Lassie stopped eating the noodles, looking at her and woofing at her.

Sonya’s eyes were wandering through the window of the kitchen to the family land. ‘It looked so dark there!’ She sighed. All she could see was the shadows of trees and some swaying leaves that were blown by the wind.

In a few moments, she saw the walking fog approaching to overwhelmingly cover the family land and the house where she was sitting. It seemed that the fog had built a wall guarding off the family land and the house from any sights coming through the mansion.

Sonya inhaled deeply. ‘I couldn’t see the shadow of the mansion! The thick fog made it invisible and separated off. Like we are on different islands.’
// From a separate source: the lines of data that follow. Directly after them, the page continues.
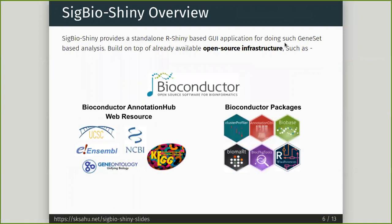So here comes SIGBIOSANI. This is completely based on open source infrastructure such as Bioconductor. It basically has two components: Bioconductor's AnnotationHub web resources and Bioconductor packages. Bioconductor's AnnotationHub resources collect annotation data from different resources such as Ensembl, Gene Ontology, KEGG, and NCBI.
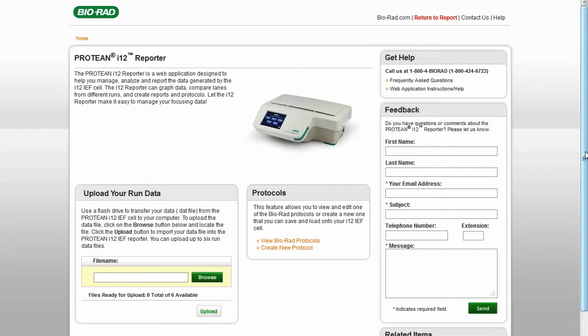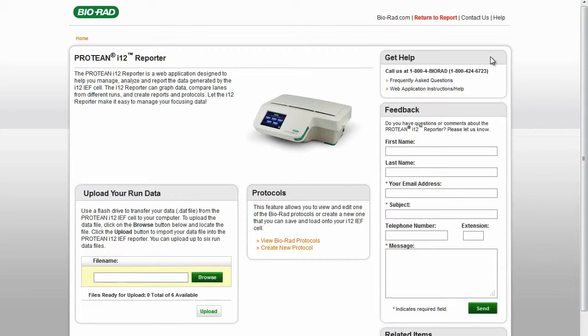Return to the Home screen for other resources. Get Help lists the contact number for Bio-Rad technical support, FAQs, and instructions for using the Protein I-12 Reporter web application.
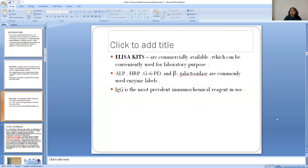What are ELISA kits? ELISA kits are commercially available kits used for laboratory purposes. The commonly used enzyme conjugates are ALP (Alkaline Phosphatase), HRP (Horseradish Peroxidase) — an enzyme present in the horseradish vegetable — G6PD (glucose-6-phosphate dehydrogenase), and beta-galactosidase. IgG is the most prevalent immunoglobulin used in immunochemical assays; most commonly the antibody used is IgG.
Sonya drew the curtain to veil the window as she finished washing the dishes. Lassie was sitting in front of the television. Sonya thought Auntie Caroline had to go to bed. She turned off the television.

She was going to sleep in a room on the attic floor. Her footsteps sounded thudding lightly at the time she stepped on the wooden stairs.

Sonya remembered that she used to be afraid when she was a little girl to sleep in that room alone. She used to imagine that the sound of the wind coming through the ventilation glass which opened slightly and was covered by the mosquito trapping filaments, in the middle of the night, could transform like the humming sound of someone pronouncing a kind of mantra.

“Good night, Lassie!” She pulled the blanket and saw Lassie reclining near her feet.

Lassie moved his eyes to her as she turned her back and started to close her eyes.

‘I have never seen the fog so thick as I saw right now!’ She wrapped her body with a blanket.

‘It should be chilling but it feels warm here in this room!’ She pulled down the blanket. She leaned her head side with one of her arms. She saw the walking fog didn’t come through the opened ventilation glass. ‘They just passed through!’ Sonya whispered in silence.

In a short moment, her eyes felt so heavy that Sonya could not help to close her both eyelids and fall asleep.

The time was passing slowly and inaudibly, unwavering moment as the sounds of nocturnal animals were dreadfully voiceless and the animals seemed to hide inside their nests.

In the middle of the night, the walking fog stopped to wander and faintly came through the opened window. Within the fog, there was also a bright light that was hiding.

The fog faintly covered the room and it slowly moved to spin into a spiral movement, approaching Sonya who was reclining on her bed. It sounded like a mantra whisper as it tried to cover Sonya’s front body as she was sleeping.

Sonya and Lassie were sleeping profoundly as they were wandering into a dream land and neither one of them realized that the fog had passed and nudged into the nostril as Sonya inhaled in her sleep. Only took a few seconds before the fog completely disappeared and smoothly streamed into Sonya’s nose as she was breathing in.

The fog seemed to move and talk like an entity and now, it had profoundly enshrined its ethereal substance into Sonya.